**DIRECTIONS FOR THIS TASK**
Reproduce verbatim all of the data given below, but do not carry over the images.

**RECORDED DATA**
=== Begin Enclosure ===
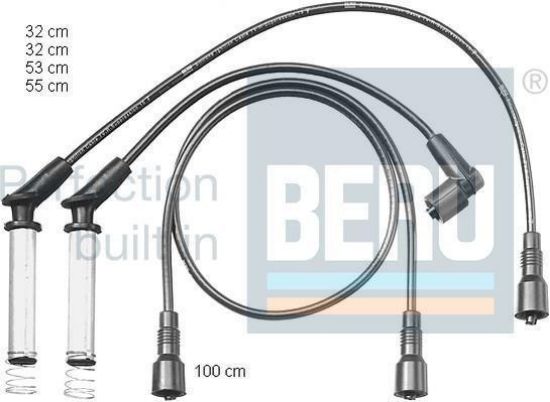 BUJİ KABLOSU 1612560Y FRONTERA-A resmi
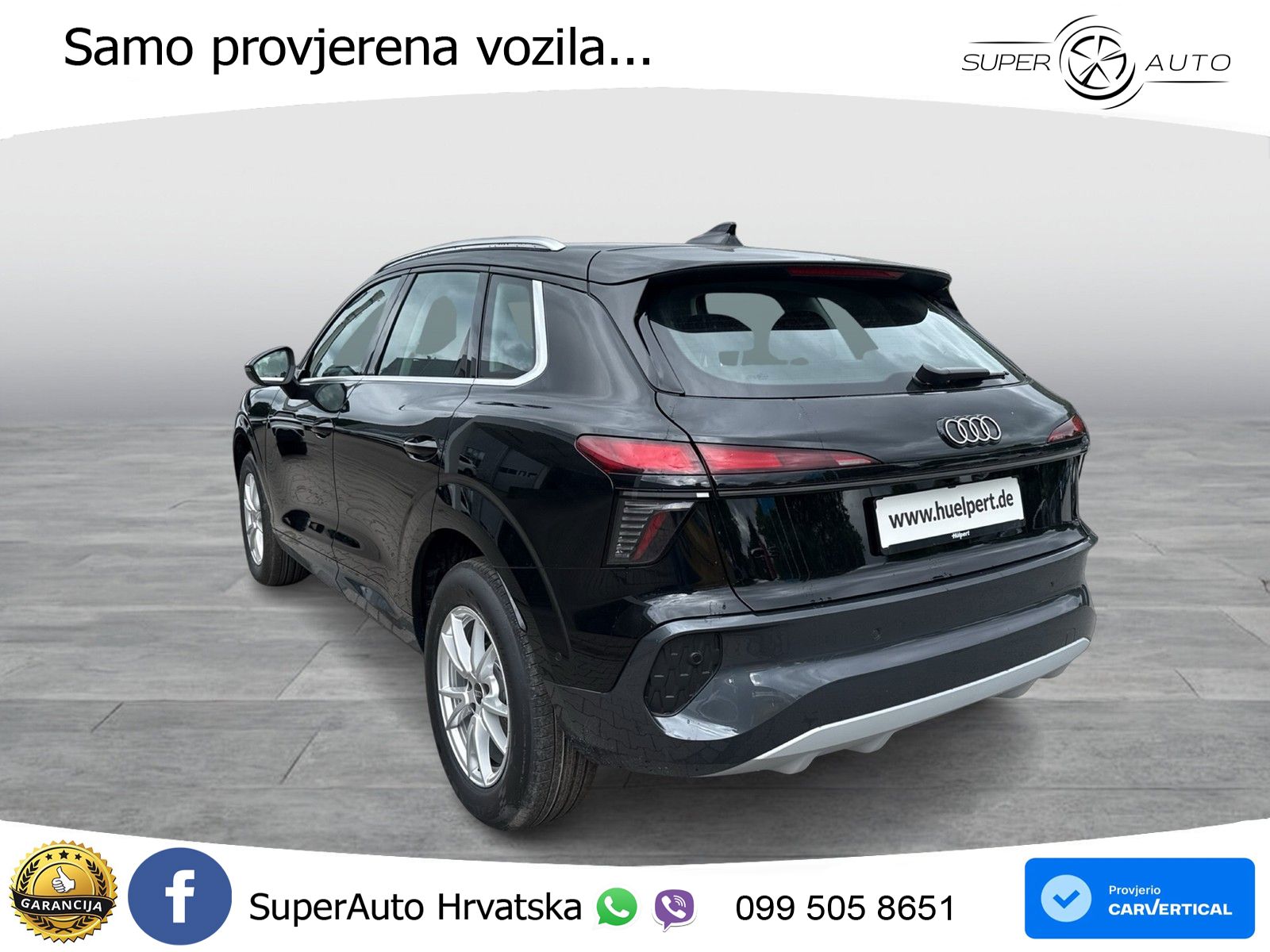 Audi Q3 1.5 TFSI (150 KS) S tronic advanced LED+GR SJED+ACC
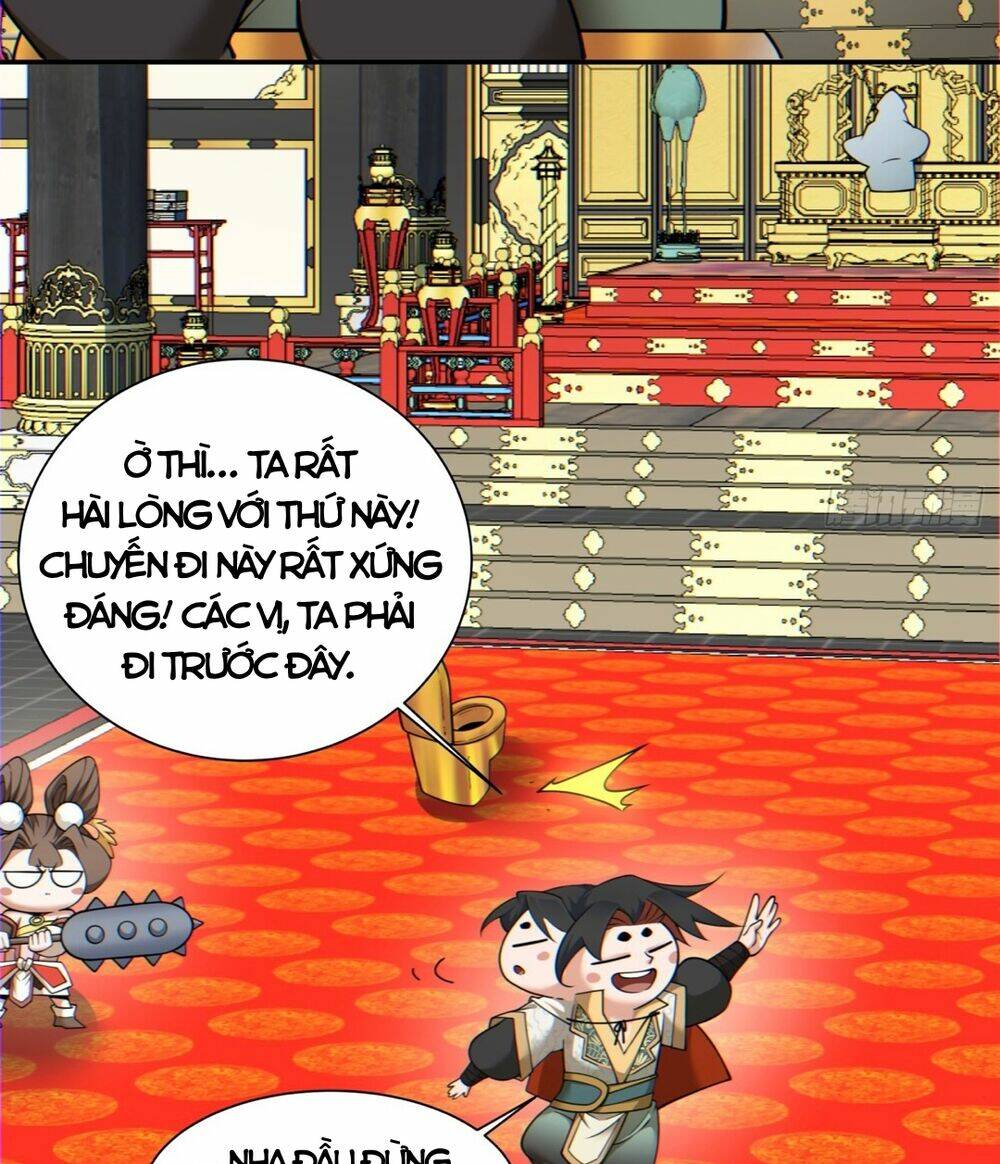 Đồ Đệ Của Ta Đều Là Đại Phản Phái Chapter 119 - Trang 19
=== End Enclosure ===
**EXPECTED ANSWER**
 BUJİ KABLOSU 1612560Y FRONTERA-A resmi
 Audi Q3 1.5 TFSI (150 KS) S tronic advanced LED+GR SJED+ACC
 Đồ Đệ Của Ta Đều Là Đại Phản Phái Chapter 119 - Trang 19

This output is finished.